The British government showed it was already looking beyond Brexit on Tuesday with its controversial announcement that a third runway will be built at London's Heathrow Airport.

Calling the decision "truly momentous", British transport secretary Chris Grayling said the government's choice of Heathrow for expansion was "about saying Britain is open for business post [Brexit] referendum".

For a decade, the government has been considered possible ways - many of them unpopular with the public - of easing air traffic congestion into and out of London. A third runway at Heathrow had been one of the possibilities, along with a second runway at Gatwick, another London airport.

Both airports are international but while Gatwick is mostly a hub for short-haul European business travellers, Heathrow fields passenger and cargo traffic from around the world.

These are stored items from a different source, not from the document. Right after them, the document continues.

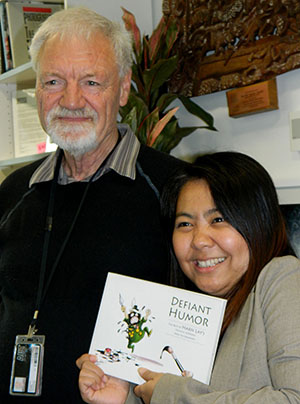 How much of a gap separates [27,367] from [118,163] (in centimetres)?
64

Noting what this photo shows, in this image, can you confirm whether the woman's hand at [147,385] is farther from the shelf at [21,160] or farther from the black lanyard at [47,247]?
the shelf at [21,160]

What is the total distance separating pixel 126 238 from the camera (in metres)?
1.61

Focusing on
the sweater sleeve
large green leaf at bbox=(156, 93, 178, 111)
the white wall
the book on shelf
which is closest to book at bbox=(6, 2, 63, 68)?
the book on shelf

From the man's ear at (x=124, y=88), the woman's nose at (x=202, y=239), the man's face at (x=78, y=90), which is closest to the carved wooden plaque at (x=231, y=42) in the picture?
the man's ear at (x=124, y=88)

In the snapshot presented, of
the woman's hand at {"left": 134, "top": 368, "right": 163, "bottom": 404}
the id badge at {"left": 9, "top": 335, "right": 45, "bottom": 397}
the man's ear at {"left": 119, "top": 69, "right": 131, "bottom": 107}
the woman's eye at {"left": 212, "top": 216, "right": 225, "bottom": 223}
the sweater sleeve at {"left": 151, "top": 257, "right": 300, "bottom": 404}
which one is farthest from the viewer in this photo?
the man's ear at {"left": 119, "top": 69, "right": 131, "bottom": 107}

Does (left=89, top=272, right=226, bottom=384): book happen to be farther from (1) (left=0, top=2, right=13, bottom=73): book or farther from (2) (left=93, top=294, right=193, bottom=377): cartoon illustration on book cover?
(1) (left=0, top=2, right=13, bottom=73): book

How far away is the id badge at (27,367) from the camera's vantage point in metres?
1.52

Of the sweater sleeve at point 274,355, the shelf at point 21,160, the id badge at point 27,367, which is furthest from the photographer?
the shelf at point 21,160

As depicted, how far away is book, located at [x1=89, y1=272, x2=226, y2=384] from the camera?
1213 mm

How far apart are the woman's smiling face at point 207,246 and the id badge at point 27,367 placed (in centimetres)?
47

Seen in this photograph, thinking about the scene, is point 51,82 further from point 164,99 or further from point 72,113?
point 164,99

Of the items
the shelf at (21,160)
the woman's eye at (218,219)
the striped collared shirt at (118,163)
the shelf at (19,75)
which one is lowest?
the woman's eye at (218,219)

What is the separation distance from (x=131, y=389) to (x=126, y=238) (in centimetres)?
43

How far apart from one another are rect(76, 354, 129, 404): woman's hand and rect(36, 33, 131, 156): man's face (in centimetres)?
67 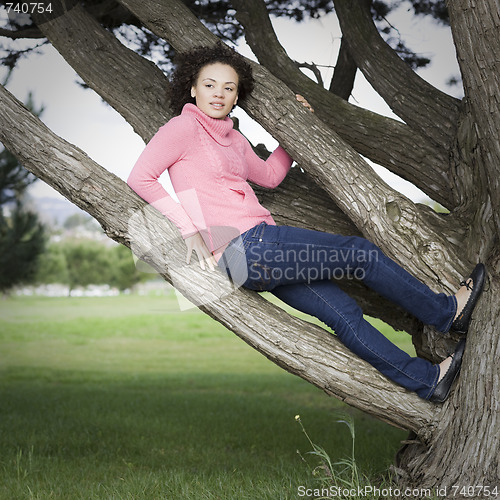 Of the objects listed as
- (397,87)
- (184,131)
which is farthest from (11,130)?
(397,87)

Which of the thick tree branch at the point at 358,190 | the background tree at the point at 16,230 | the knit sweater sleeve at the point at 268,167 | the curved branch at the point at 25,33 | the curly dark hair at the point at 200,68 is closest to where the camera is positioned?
the thick tree branch at the point at 358,190

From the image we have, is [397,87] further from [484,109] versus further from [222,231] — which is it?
[222,231]

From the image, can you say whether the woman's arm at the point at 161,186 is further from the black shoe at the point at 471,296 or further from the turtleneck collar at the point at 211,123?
the black shoe at the point at 471,296

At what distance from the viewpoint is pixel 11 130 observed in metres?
2.95

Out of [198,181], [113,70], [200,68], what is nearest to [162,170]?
[198,181]

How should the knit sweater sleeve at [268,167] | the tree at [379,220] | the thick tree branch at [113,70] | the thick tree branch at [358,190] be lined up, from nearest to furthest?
1. the tree at [379,220]
2. the thick tree branch at [358,190]
3. the knit sweater sleeve at [268,167]
4. the thick tree branch at [113,70]

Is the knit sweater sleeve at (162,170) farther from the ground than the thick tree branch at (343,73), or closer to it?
closer to it

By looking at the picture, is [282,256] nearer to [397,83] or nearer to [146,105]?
[146,105]

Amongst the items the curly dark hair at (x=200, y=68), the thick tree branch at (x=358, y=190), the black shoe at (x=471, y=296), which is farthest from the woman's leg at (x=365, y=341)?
the curly dark hair at (x=200, y=68)

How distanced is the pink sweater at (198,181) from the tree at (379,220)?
3.7 inches

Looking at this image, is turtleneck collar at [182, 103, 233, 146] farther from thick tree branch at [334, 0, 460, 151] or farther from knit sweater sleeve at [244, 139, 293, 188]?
thick tree branch at [334, 0, 460, 151]

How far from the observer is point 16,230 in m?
9.01

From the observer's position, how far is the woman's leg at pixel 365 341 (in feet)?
9.09

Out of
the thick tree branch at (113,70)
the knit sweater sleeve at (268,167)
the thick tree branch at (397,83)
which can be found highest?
the thick tree branch at (397,83) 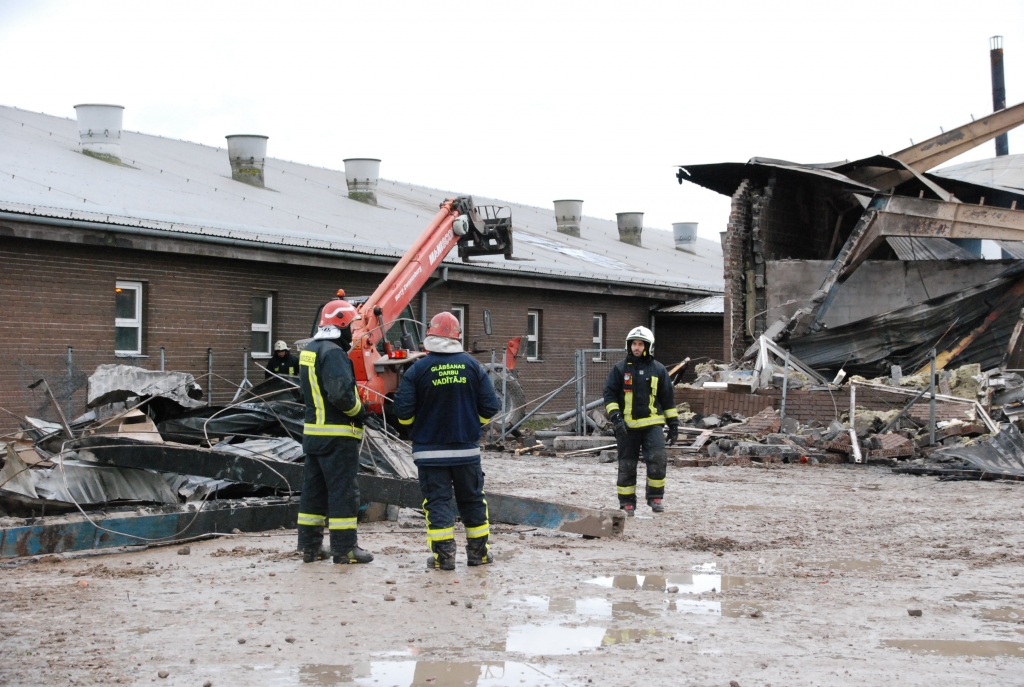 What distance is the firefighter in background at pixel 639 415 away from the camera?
1086cm

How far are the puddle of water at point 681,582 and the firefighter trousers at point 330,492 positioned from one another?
1.87 m

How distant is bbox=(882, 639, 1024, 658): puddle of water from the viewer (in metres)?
5.62

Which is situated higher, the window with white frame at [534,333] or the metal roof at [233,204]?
the metal roof at [233,204]

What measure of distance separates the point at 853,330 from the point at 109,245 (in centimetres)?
1364

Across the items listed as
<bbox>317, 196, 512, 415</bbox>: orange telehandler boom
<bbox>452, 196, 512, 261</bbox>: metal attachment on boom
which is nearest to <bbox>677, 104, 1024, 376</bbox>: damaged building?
<bbox>452, 196, 512, 261</bbox>: metal attachment on boom

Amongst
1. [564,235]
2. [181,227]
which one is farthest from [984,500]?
[564,235]

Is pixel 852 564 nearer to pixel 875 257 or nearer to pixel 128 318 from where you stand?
pixel 128 318

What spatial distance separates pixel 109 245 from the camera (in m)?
17.0

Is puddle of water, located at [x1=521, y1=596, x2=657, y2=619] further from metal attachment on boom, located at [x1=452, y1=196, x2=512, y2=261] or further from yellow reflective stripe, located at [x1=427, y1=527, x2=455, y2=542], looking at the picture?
metal attachment on boom, located at [x1=452, y1=196, x2=512, y2=261]

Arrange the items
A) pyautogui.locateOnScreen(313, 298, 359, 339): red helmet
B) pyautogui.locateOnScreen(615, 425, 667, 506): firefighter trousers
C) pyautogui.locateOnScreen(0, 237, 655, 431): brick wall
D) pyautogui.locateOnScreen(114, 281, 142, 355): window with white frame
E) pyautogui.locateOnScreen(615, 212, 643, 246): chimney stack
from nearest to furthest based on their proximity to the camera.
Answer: pyautogui.locateOnScreen(313, 298, 359, 339): red helmet, pyautogui.locateOnScreen(615, 425, 667, 506): firefighter trousers, pyautogui.locateOnScreen(0, 237, 655, 431): brick wall, pyautogui.locateOnScreen(114, 281, 142, 355): window with white frame, pyautogui.locateOnScreen(615, 212, 643, 246): chimney stack

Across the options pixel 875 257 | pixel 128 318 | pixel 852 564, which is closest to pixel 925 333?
pixel 875 257

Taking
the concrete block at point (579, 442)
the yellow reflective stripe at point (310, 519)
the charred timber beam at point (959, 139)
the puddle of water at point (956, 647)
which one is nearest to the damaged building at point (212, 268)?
the concrete block at point (579, 442)

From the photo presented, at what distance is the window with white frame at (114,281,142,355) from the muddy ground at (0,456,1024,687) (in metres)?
9.17

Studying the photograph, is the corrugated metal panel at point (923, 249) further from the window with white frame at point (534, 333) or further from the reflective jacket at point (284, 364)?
the reflective jacket at point (284, 364)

The two airports had been tussling publicly over their bids. As recently as Sunday, newspapers in Britain were filled with advertisements published by Gatwick with the slogan: "Obviously."

Gatwick had claimed its second runway would only cost £7.1 billion (Dh31.6bn), far less than the projected cost of Heathrow's third runway - £17.6bn. A second runway at Gatwick would have also involved the loss of fewer homes in the vicinity of the airport.

If Gatwick had won the bid, it would have seen its passenger traffic jump to 82 million travellers each year by 2050, compared with 42 million now. Heathrow currently processes 75 million passengers a year, a number expected to increase to 138 million by 2050.

The choice of Heathrow wasn't inevitable, John Strickland, the director of JLS Consulting, a London-based aviation consulting firm, told The National. "But it is the option most supported by the airline industry as it offers both the critical mass of traffic, the ability to attract connecting traffic, and more profitable business customers."

But it was Heathrow's global reach that seems to have swung the decision in its favour.

Earlier this month, Howard Davies, who chaired an independent commission to evaluate the various airport expansion plans for the government, told the BBC: "My own view is that after Brexit the case for Heathrow is stronger because Heathrow is the airport which links the UK to markets outside Europe."

Mr Davies' commission recommended in July last year that the government add a runway to Heathrow, and he said that developments since then, including Britain's vote to leave the European Union, "reinforced in me the view that my conclusion then was the right one".

Since the June referendum, Mr Strickland added, enlarging Heathrow has become "important to the development of new routes in the London market and to ensuring their long-term viability".